[Brief descriptive captions]
- Opening Delimiter -

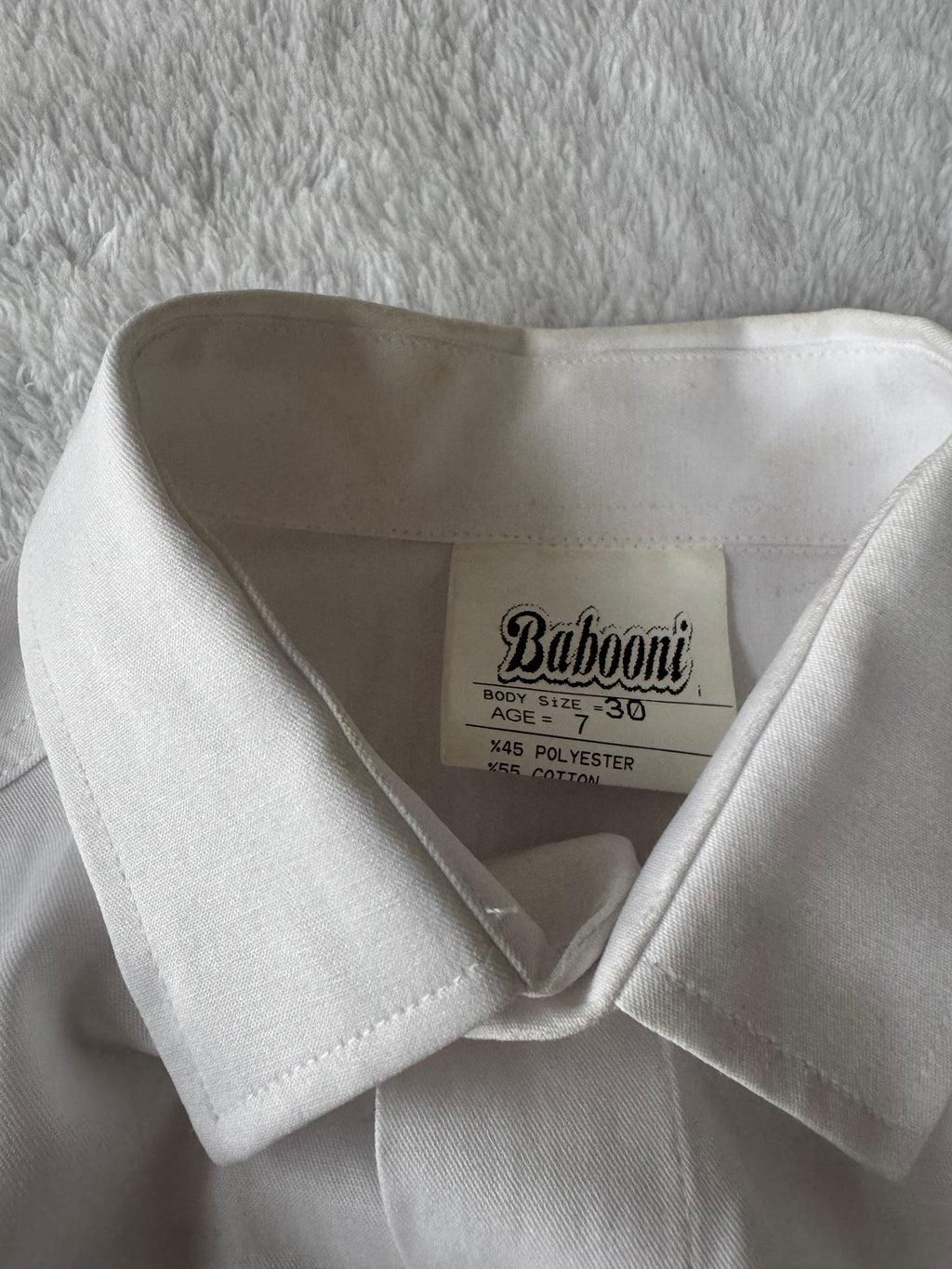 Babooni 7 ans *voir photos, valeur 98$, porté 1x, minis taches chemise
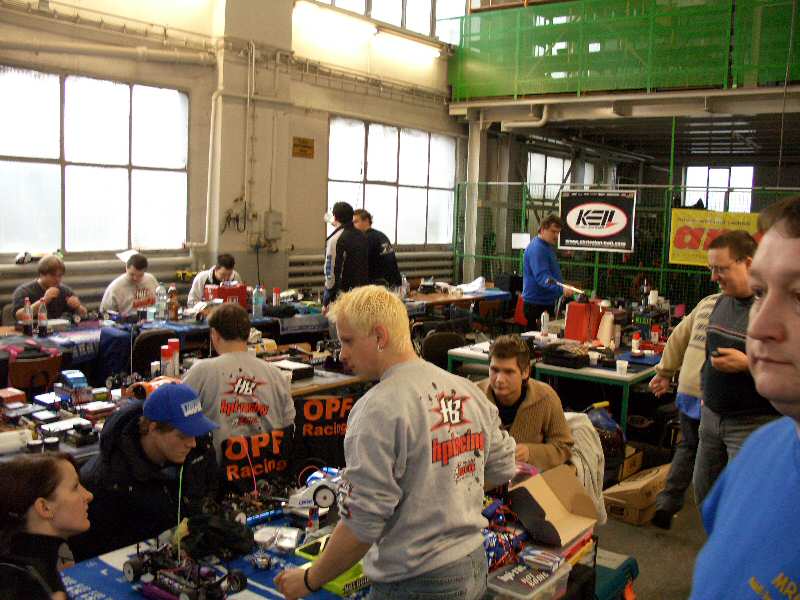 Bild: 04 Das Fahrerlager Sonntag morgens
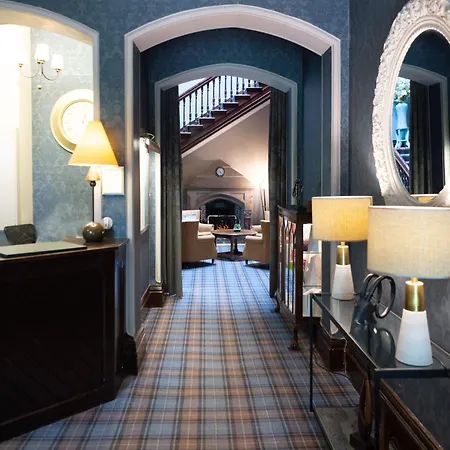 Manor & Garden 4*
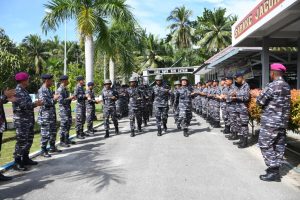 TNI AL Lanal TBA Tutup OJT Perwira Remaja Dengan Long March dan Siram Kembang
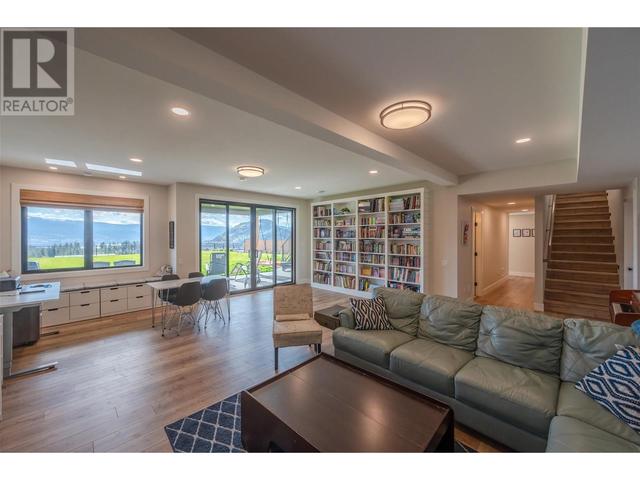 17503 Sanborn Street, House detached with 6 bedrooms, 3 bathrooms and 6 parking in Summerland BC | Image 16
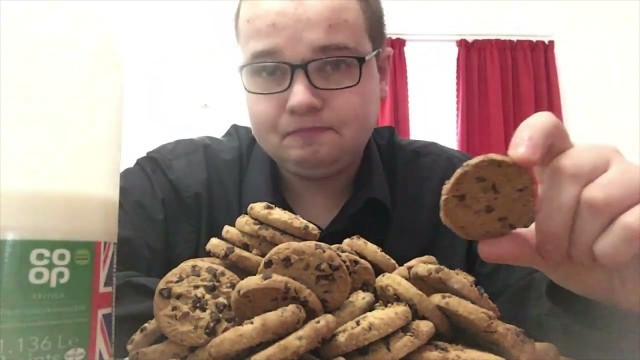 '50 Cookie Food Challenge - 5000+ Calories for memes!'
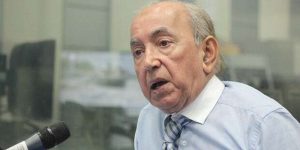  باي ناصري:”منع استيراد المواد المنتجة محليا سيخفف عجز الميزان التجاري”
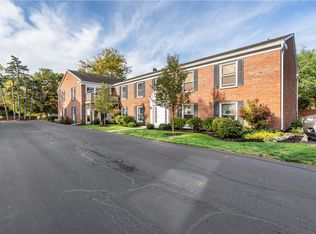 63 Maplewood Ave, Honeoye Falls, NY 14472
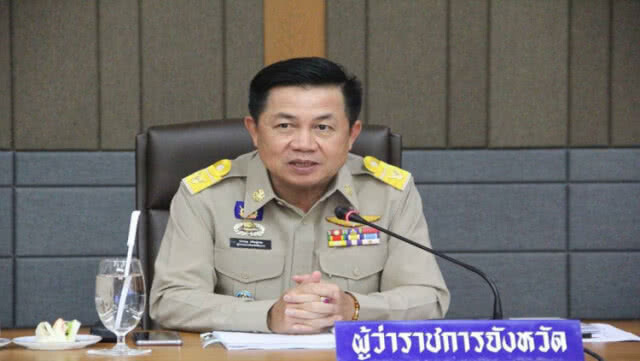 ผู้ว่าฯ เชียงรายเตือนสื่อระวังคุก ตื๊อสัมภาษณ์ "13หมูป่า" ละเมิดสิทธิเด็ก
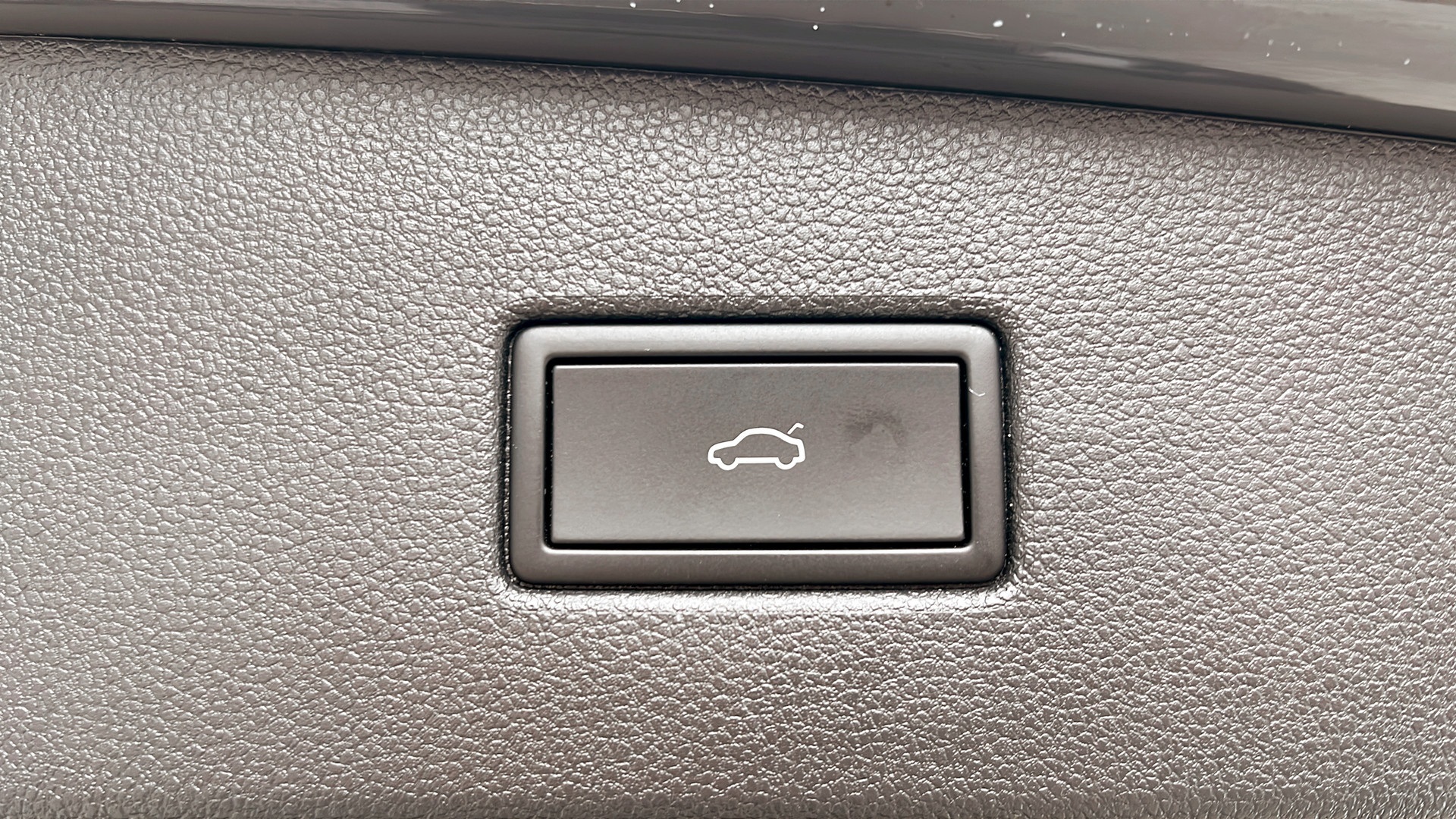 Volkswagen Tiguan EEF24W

- Closing Delimiter -

Give back each entry exactly as it appears, with no pictures.

 Babooni 7 ans *voir photos, valeur 98$, porté 1x, minis taches chemise
 Bild: 04 Das Fahrerlager Sonntag morgens
 Manor & Garden 4*
 TNI AL Lanal TBA Tutup OJT Perwira Remaja Dengan Long March dan Siram Kembang
 17503 Sanborn Street, House detached with 6 bedrooms, 3 bathrooms and 6 parking in Summerland BC | Image 16
 '50 Cookie Food Challenge - 5000+ Calories for memes!'
  باي ناصري:”منع استيراد المواد المنتجة محليا سيخفف عجز الميزان التجاري”
 63 Maplewood Ave, Honeoye Falls, NY 14472
 ผู้ว่าฯ เชียงรายเตือนสื่อระวังคุก ตื๊อสัมภาษณ์ "13หมูป่า" ละเมิดสิทธิเด็ก
 Volkswagen Tiguan EEF24W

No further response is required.